I remember talk of a sequel trilogy around the time of Return of the Jedi. I also remember that is was generally considered to be something that would never get made by the time the Thrawn Trilogy was being written. There were doubts if the prequel trilogy would be made at that point in time, but it was considered a possible thing. The sequels were considered an impossible thing by 1991 standards.

It would take just over 20 years for the impossible to become reality. But for at least the first ten years of that...there was no reason, at all, to consider the novels to be anything other than the continuing adventures of the Heroes of Yavin. After that point things started to waver around a lot. The authors seemed to communicate less with each other. More inconsistency started to happen. The films were remastered with new scenes. Then the Prequels happened, and everything changed...sort of.

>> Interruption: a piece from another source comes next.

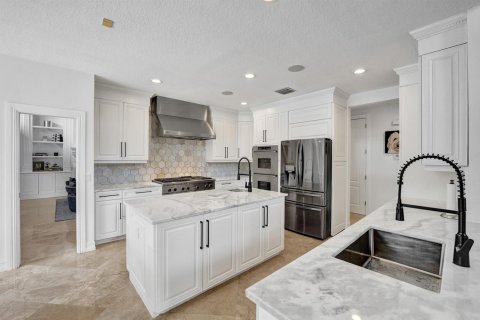 House in Plantation, Florida 4 bedrooms, 426.51 sq.m. № 2395093 - photo 26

I remember someone who hated the Prequels simply for what they made Boba Fett. Not the nature of him as a clone, or his backstory changes, but that he was played by a Maori actor. I think she was smitten with the idea of a white guy in the suit, and the change turned her off. I don't think she ever saw Revenge of the Sith. She was just done with Lucas.

The 1990s were definitely an interesting time to be a Star Wars fan (until The Phantom Menace shook us from our nirvana).

I can remember playing Dark Forces like crazy and seeing all these crazy, cool new worlds in the SW universe.

Everything up until The Phantom Menace served to enhance the Star Wars experience.

Or at least, that was my experience.
 
I think the novels had definitely started choking the life out of the franchise by then. I stopped reading during the Vong/New Jedi Order story, but I had stopped really enjoying the extended universe quite a few novels before that. The consistency and quality evaporated sometime around The Courtship of Princess Leia, and hindsight after the honeymoon revealed that KJA's Jedi Academy trilogy and Truce at Bakura were actually crap once you were honest with yourself.

But the prequels did make it official: Star Wars was dead.


I feel the same way about the Trek extended universe as it existed at the time. There were a few jewels, but most of the numbered books were disposable at best. After the reboot, when the Trek Lit-verse had the freedom to move the story on, things seem to have improved dramatically. Of course, I'm mostly reading the highly recommended books, so I might not have the full picture...
 
There WERE probably way too many books.

But I found that most of them were good. I read everything between Truce At Bakura through I, Jedi, which pretty much covers that Zahn trilogy and the bulk of the X-Wing series.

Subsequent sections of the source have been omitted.